視界を埋め尽くすのは、淡い霧と、どこまでも続く平坦な地面だけだ。暑くも寒くもなく、空腹も喉の渇きも感じない。ここは「天国」と呼ばれている場所だった。
「ねえ、ここには何でもあるって聞いてたけど、本当は『無』なだけなんじゃないかな」
隣に座る少年が、退屈そうに地面を指でなぞった。彼の指が触れた場所からは、音もなく銀色の花が咲き、すぐに霧へと溶けて消えた。
人類は「天国」を理想郷だと信じていた。苦しみも、涙も、後悔もない場所。そこに行けば、永遠の安らぎが手に入ると。
けれど、私が実際に辿り着いたこの場所は、あまりにも静かすぎた。
「苦しみがないってことは、それを乗り越えた時の喜びもないってことだよね」
私は、自分の胸に手を当ててみた。かつて誰かを想って締め付けられた痛みも、生きている事の証明である気持ちの悪い音も、今はもう遠い。
もし、地獄というものが「永遠に続く痛み」なのだとしたら、天国は「永遠に続く無」だ。
どちらも、生きている人間にとっては恐怖でしかない。なぜなら、人間の魂は「変化」によってのみ、自分の存在を証明できるからだ。人類は地獄のような『生』を『天国』と呼ぶべきだったのだ。

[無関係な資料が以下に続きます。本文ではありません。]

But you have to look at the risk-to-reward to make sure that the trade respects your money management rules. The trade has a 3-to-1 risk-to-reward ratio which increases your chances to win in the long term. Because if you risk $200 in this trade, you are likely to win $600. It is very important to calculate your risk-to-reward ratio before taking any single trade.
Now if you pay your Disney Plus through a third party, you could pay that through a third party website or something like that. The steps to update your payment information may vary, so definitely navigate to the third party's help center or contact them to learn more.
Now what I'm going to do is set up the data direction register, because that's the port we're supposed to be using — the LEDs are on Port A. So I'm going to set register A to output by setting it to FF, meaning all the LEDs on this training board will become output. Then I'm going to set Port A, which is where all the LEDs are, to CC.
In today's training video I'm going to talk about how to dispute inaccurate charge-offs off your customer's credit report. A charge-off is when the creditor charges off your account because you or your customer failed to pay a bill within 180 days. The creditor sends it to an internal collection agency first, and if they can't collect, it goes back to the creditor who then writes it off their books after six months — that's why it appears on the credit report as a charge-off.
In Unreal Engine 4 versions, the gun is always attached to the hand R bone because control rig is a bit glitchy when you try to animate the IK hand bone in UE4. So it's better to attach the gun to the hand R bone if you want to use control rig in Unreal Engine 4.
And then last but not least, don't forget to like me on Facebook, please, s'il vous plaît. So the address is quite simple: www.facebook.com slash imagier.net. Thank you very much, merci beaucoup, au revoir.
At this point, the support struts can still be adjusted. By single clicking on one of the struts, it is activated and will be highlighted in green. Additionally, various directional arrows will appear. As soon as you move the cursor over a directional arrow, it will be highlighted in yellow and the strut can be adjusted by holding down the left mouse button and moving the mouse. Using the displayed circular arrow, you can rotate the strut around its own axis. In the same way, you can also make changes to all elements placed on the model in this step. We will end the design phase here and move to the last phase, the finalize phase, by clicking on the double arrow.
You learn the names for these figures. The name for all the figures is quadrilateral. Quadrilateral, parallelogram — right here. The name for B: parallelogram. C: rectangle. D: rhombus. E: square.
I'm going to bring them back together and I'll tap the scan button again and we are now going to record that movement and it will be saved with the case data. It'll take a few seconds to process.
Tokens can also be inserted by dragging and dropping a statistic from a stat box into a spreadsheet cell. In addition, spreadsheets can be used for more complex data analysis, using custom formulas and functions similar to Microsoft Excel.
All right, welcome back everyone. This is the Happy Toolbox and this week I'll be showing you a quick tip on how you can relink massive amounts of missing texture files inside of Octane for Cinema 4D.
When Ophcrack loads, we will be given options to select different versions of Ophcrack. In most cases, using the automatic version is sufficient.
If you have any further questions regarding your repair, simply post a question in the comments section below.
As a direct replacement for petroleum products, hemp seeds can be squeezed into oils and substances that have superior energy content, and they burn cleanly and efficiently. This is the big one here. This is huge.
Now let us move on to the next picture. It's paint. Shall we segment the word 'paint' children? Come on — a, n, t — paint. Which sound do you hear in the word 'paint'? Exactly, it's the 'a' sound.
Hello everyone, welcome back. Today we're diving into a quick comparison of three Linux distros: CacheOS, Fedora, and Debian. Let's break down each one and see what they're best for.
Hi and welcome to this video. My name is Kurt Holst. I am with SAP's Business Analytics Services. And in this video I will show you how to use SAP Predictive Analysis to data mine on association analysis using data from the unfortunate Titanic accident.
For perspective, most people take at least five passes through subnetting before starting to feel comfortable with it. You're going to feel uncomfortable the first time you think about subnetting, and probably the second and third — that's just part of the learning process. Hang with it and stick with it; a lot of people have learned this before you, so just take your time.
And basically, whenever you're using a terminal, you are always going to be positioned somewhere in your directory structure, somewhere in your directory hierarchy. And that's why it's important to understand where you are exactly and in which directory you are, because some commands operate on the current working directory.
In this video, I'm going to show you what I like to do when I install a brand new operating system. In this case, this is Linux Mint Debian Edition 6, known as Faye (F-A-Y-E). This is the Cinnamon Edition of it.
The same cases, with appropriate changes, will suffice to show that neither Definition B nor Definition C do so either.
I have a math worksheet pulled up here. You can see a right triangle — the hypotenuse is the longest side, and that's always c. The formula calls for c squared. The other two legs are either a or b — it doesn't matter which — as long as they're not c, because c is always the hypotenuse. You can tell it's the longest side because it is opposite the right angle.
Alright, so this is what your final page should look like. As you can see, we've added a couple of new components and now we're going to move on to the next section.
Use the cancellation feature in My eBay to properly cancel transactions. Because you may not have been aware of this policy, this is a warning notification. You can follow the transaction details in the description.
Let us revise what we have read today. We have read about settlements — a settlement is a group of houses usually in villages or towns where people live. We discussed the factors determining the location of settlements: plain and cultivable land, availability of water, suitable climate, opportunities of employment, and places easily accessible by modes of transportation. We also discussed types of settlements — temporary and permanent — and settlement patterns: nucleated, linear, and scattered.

「僕たち、生きていた頃は、あんなに地獄みたいな毎日を嫌っていたのにね。
僕、あの時は嫌いだった数学の数式、今は必死に思い出そうとしているんだ。じゃないと、自分が『僕』である事が消えちゃいそうで。」
少年が笑う。その笑顔には、生命の輝きが欠け、どこまでも平坦ままでいた。
かつての私たちは、泥臭い日常の中で、必死に「幸福」という名の出口を探していた。満員電車、冷たい言葉、届かない願い。それらすべてから逃れたくて、この場所を夢見た。
けれど、今ならわかる。
本当の『天国』は、この『真っ白』な箱庭にあるのではない。
大切な人の体温を感じた瞬間。
お腹が空いて食べた一口の温かさ。
失敗して流した涙が、頬を伝う熱さ。
夏場のまとわりつくような湿気。
かつて嫌っていたあの音。
それら「失われることが決まっているもの」の中にこそ、神様は天国を隠していたのだ。
「帰りたい?」
少年が問いかける。
「……いいえ。もう帰る場所なんてないもの」
私は立ち上がり、果てしない霧の向こうを見つめた。
ここには「明日」がない。ただ、永遠に続く「今」が横たわっているだけだ。
私たちは、この完璧で退屈な楽園で、いつか自分が誰だったかも忘れてしまうだろう。それでも、最後に思い出すのは、あの泥だらけで、不完全で、残酷なほどに美しかった「地獄のような日々」のことなのだ。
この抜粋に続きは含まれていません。